August 21, 2009 · · archive: txp/article

Esplanade on the Auction Block

For those of you looking to do a little impulse shopping before heading into your weekend, the Esplanade is going up for auction this morning. At 10:00 am, the condo project on the Thea Foss Waterway, minus the 11 sold units, will head to the auction block at the County/City Building. Do you want to live on the Thea Foss? Maybe you need a space for a restaurant? Looking for a L-o-n-g term investment? Today may be your lucky day…

Update:
The auction consisted of a single lot for all units minus the already sold ones. A mysterious Mr. Tomas opened the bidding at $1 million. The note holder responded at $2 million and that started the back and forth. $3 million. $4 million. $5 million. $6 million. Mr. Thomas goes $6 million … one hundred. The note holder goes $7 million. The single bidder went to phone for a while … Going. Going. Gone.

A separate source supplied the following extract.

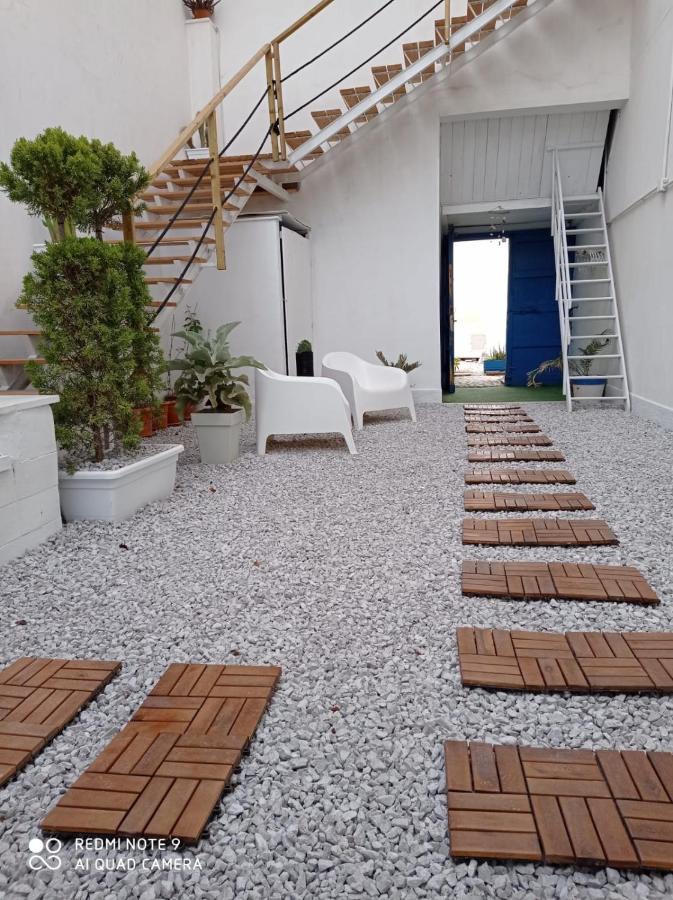 Sea View Life Hotel Карини Екстериор снимка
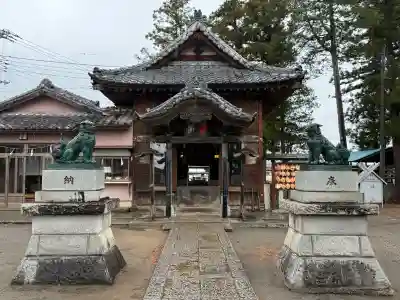 鬼鎮神社の{uncategorized: "未分類", other: "その他", undefined: "問題あり", building: "その他建物", grave: "お墓", sacred_gate: "鳥居", guardian: "狛犬", statue: "像", buddha: "仏像", history: "歴史", nature: "自然", garden: "庭園", animal: "動物", pagoda: "塔", temizu: "手水舎", mountain_gate: "山門・神門", sanctuary: "本殿・本堂", subordinate: "末社・摂社", art: "芸術", scenery: "景色", jizo: "地蔵", ema: "絵馬", goshuin: "御朱印", omikuji: "おみくじ", items: "授与品その他", amulet: "お守り", goshuincho: "御朱印帳", eats: "食事", festival: "お祭り", votive_dance: "神楽", shichigosan: "七五三参", wedding: "結婚式", experience: "体験その他", initially: "初詣", around: "周辺", anti_infection: "感染症対策"}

Looks like this story isn’t quite over just yet. We suspect the bank will put these back on the market again sometime soon.

Link to The News Tribune

Previously on Exit133: Esplanade Faces Foreclosure in August

Filed under: Developments, waterfront

12 comments

  • Erik B. August 21, 2009

    Perhaps this will mean that the units will be occupied sooner rather than later.

  • Tacoma1 August 21, 2009

    So, if I read that right, the top bidder got the place for $7 Is that right?

  • P August 21, 2009

    So, if I read that right, the top bidder got the place for $7 Is that right?

    The top bidder would appear to be the bank effectively buying it back from itself.

  • fuzzybear August 21, 2009

    @3, yeah that is pretty much what you would expect all the way up to the 48 mil that is owed on it. The bank would not initially let it go for less than that.

  • Spyder August 21, 2009

    I just hope they lower prices to sell it out and bring more people downtown. I think people would move in quickly with low prices. I walked through the place and went in some units. Seems like a nice place to live.

  • Douglas Tooley August 21, 2009

    So, market price is $45,600 for a Condo in Downtown, plus a bonus share of some commercial space?

  • crenshaw sepulveda August 21, 2009

    at 45k the monthly payment on one of these units would be around $350 bucks a month, including interest, principle, taxes and insurance, sign me up!

  • Marguerite August 21, 2009

    I have no idea how it works for zillion dollar condominium projects on the water, but normally the foreclosure process goes something like this:

    1. Owner behind in Payments
    2. Trustee Sale Date Posted
    3. Foreclosure/ Trustee Sale
    4. If no one buys it at the Auction for the amount the bank wants out of it, they “buy it from themselves”
    5. At this point it’s an REO (Real Estate Owned) or Bank Owned property, and the bank hires a few brokers and an appraiser to get independent opinions about what the property will sell for in the current marketplace.
    6. Once they’ve looked at that info, they call the Real Estate Agent that that bank has designated for their area to list it, and they tell that agent what price to list it at, and it goes on the MLS.

    That’s just what I’ve seen with normal individual houses, I’m very curious to see how the REO process plays out with this many units. I would love to seem them do a proper market analysis and base the pricing at Esplanade on the 31 condo sales we’ve had so far this year downtown and actually get some of those mamas sold. That would be great. I think rentals or a hotel would be much less great. I look forward to seeing what happens next!

  • fuzzybear August 21, 2009

    What happens next…

    1)The bank already realizes they wont get their 48 mil because these will never sell as condos in this market.
    2)The bank tries to sell at 80 cents on the dollar
    3)The bank receives no offers and drops it to 70 cents/$. At that cost it finally starts to gain interest because now it starts to pencil out for apartments (for some entity with deep pockets willing to ride it out for 10 years before showing a profit).
    4)So the bank loses 18 mil and we have another new apt. community.

  • Morty August 24, 2009

    9 units already sold so can’t be apartment building, The bank will take title of units with a holding company; they have titles and notes and won’t have to paper the loss. Banks selling out own projects has been a successful strategy here in the PNW and other states. Last count 155 units available at esplanade; 48m/ 155 = about 310k per unit. Add closing cost and commission, 350k plus per unit. A very steep discount to original pricing. If the bank offers financing to new condo buyers it would be a very sweet deal for anyone wanting to live in a high end-brand new building on the water. Good luck to them, awesome building!

  • Thorax O'Tool August 24, 2009

    If the monthly payment+taxes+HOA were less than the $750 I pay now, I’d consider it… maybe.

    I think I’d rather spend $200K on a real house, with a real yard and without an HOA.

  • Princess Adora August 24, 2009

    I looked at them once and the sales model was really nice. Not nice enough to re-live my condo nightmare over again, but still nice.